The ordinary street apparatus for roasting chestnuts is simple. A round pan, with a few holes punched in it, costing 3d. or 4d. in a marine-store shop, has burning charcoal within it, and is surmounted by a second pan, or kind of lid, containing chestnuts, which are thus kept hot. During my inquiry, chestnuts were dear. “People don’t care,” I was told, “whether chestnuts is three and six, as they are now, or one and six a peck, as I hope they will be afore long; they wants the same pennyworths.”

Chestnuts are generally bought wholesale in Duke’s-place, on the Sunday mornings, for street sale; but some street-dealers buy them of those costermongers, whose means enable them “to lay in” a quantity. The retail customers are, for the most part, boys and girls, or a few labourers or street people. The usual price is sixteen a penny.

Roasted apples used to be vended in the streets, and often along with roasted chestnuts, but it is a trade which has now almost entirely disappeared, and its disappearance is attributed to the prevalence of potato cans.

I had the following account from a woman, apparently between sixty and seventy, though she said she was only about fifty. What she was in her youth, she said, she neither knew nor cared. At any rate she was unwilling to converse about it. I found her statement as to chestnuts corroborated:—

“The trade’s nothing to what it was, sir,” she said. “Why when the hackney coaches was in the streets, I’ve often sold 2s. worth of a night at a time, for a relish, to the hackneymen that was waiting their turn over their beer. Six and eight a penny was enough then; now people must have sixteen; though I pays 3s. a peck, and to get them at that’s a favour. I could make my good 12s. a week on roasted chestnuts and apples, and as much on other things in them days, but I’m half-starved now. There’ll never be such times again. People didn’t want to cut one another’s throats in the street business then. O, I don’t know anything about how long ago, or what year—years is nothing to me—but I only know that it was so. I got a penny a piece then for my roasted apples, and a halfpenny for sugar to them. I could live then. Roasted apples was reckoned good for the tooth-ache in them days, but, people change so, they aren’t now. I don’t know what I make now in chestnuts and apples, which is all I sells—perhaps 5s. a week. My rent’s 1s. 3d. a week. I lives on a bit of fish, or whatever I can get, and that’s all about it.”

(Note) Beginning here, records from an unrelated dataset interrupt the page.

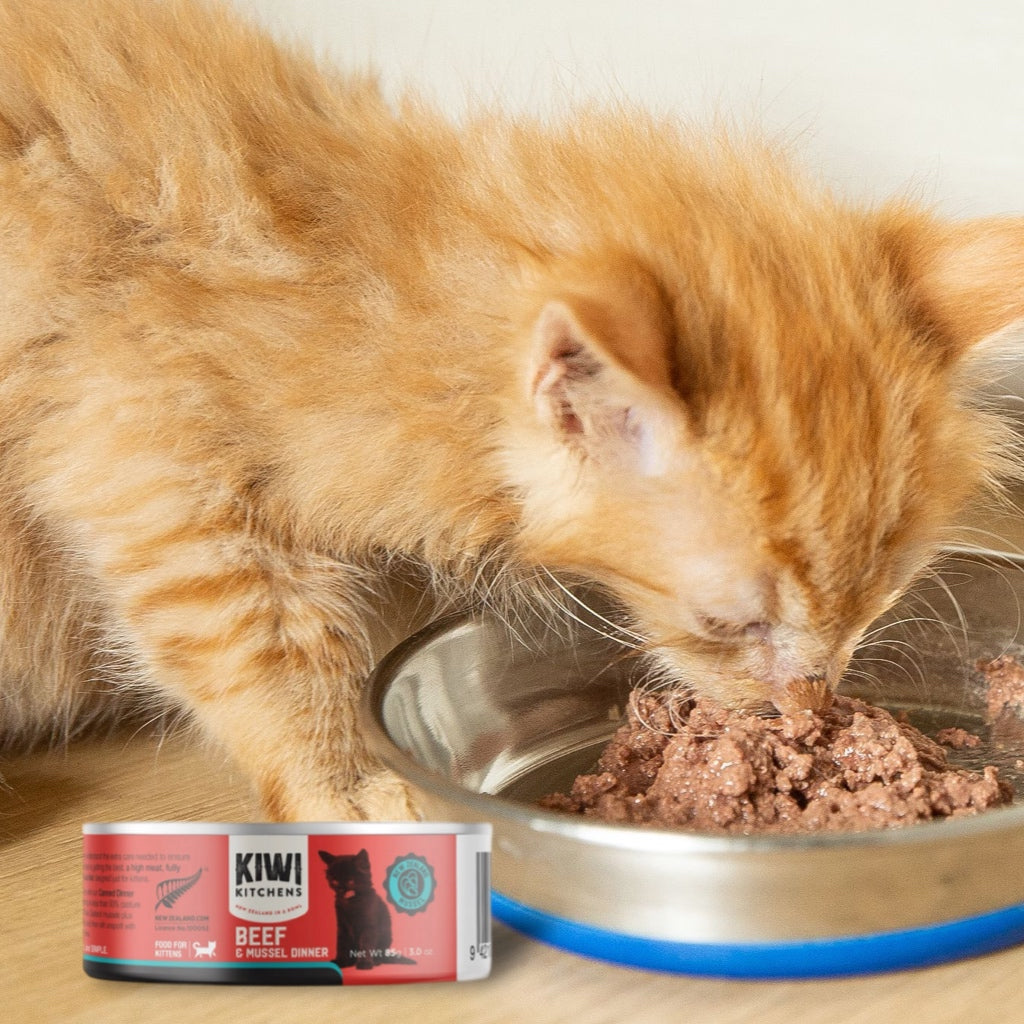 Beef & Mussel Dinner Canned Wet Kitten Food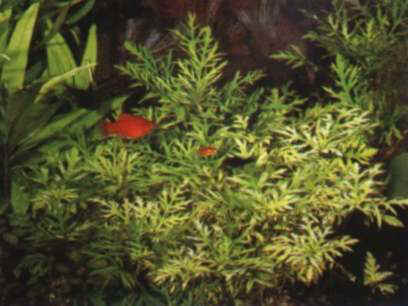 hygrophila sp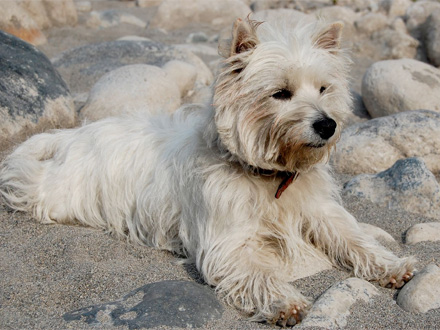 Raça Skye Terrier - Crédito: http://www.flickr.com/photos/standpoodlegirl/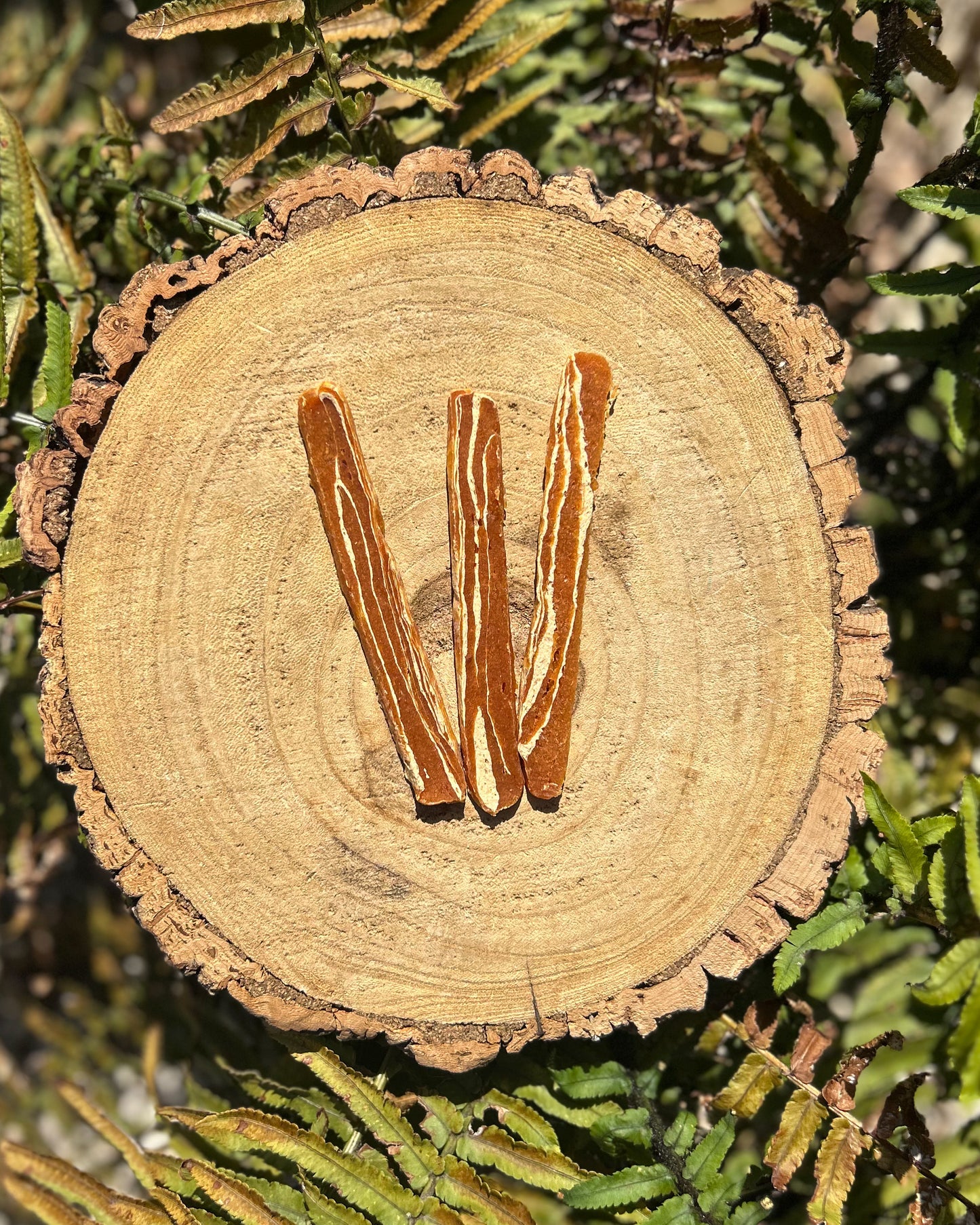 MARBLED MEATY STRIPS (SALMON, RABBIT, BEEF)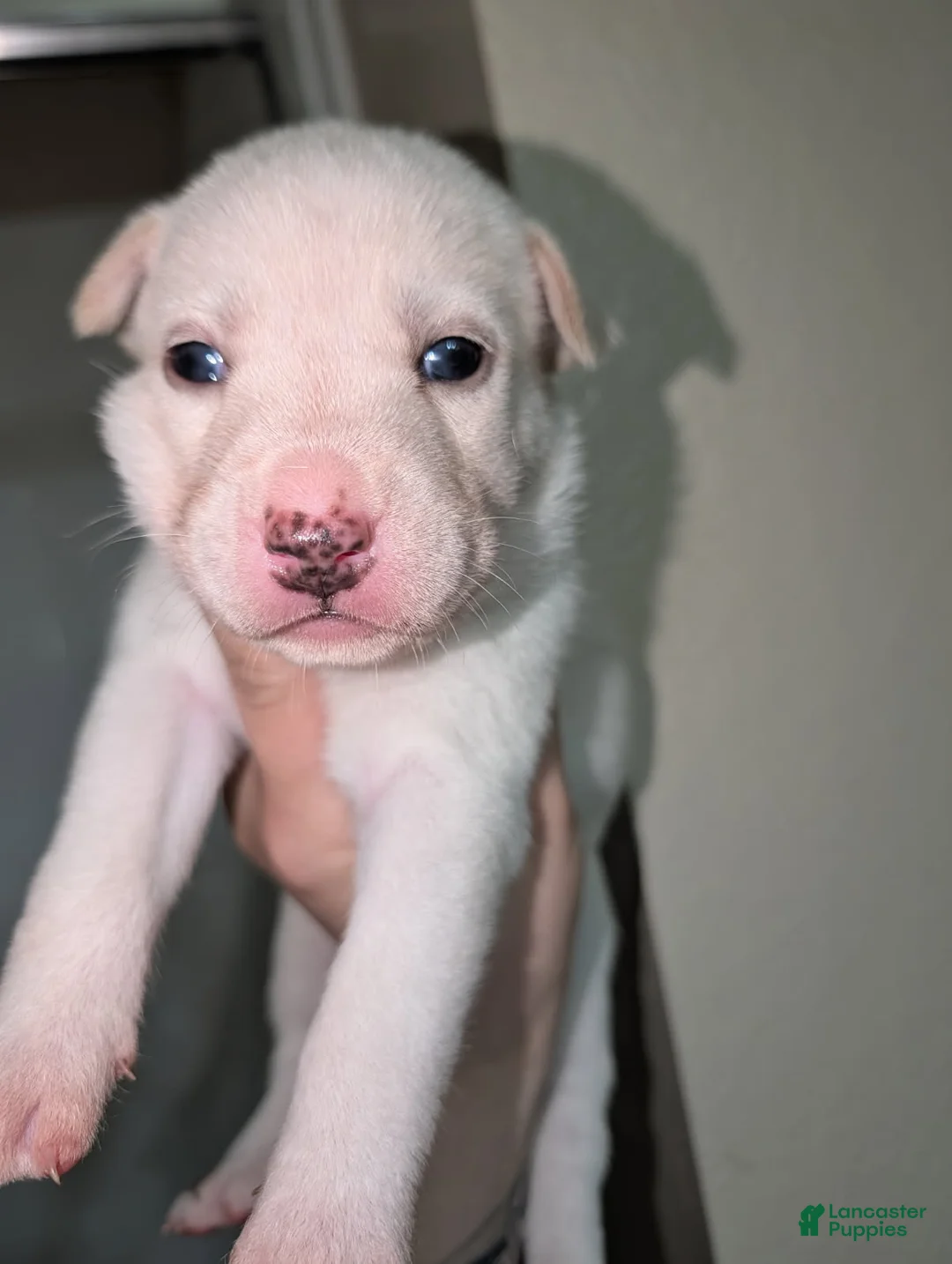 Pitsky dogs for sale: Stella - Ad 6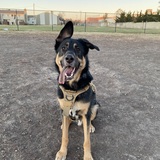 Entry image for Boomer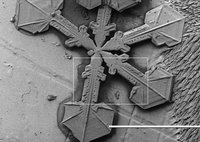 Snowflake under a scanning electron microscope.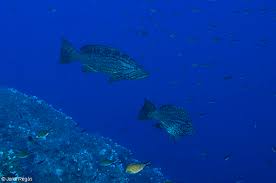 Image result for Mycteroperca rubra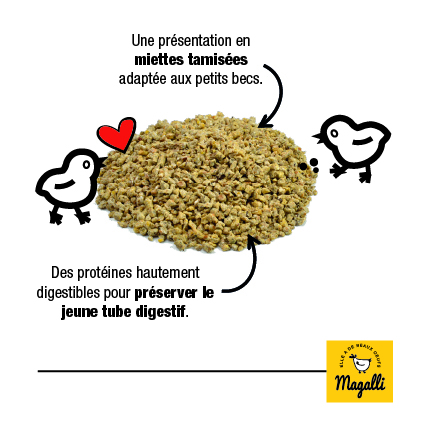 presentation-mangeoire-poussins-magalli-100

The absolute quantity of oranges, lemons, and nuts sold annually in the London streets is as follows:

Oranges15,400,000
Lemons154,000
Spanish and Barcelona nuts24,000 bushels
Brazil do.3,000
Chestnuts6,500
Walnuts24,000
Coker-nuts400,000 nuts

Of “Dry” Fruit Selling in the Streets.

The sellers of “dry fruit” cannot be described as a class, for, with the exception of one old couple, none that I know of confine themselves to its sale, but resort to it merely when the season prevents their dealing in “green fruit” or vegetables. I have already specified what in commerce is distinguished as “dry fruit,” but its classification among the costers is somewhat narrowed.

The dry-fruit sellers derive their supplies partly from Duke’s-place, partly from Pudding-lane, but perhaps principally from the costers concerning whom I have spoken, who buy wholesale at the markets and elsewhere, and who will “clear out a grocer,” or buy such figs, &c. as a leading tradesman will not allow to be sent, or offered, to his regular customers, although, perhaps, some of the articles are tolerably good. Or else the dry-fruit men buy a damaged lot of a broker or grocer, and pick out all that is eatable, or rather saleable.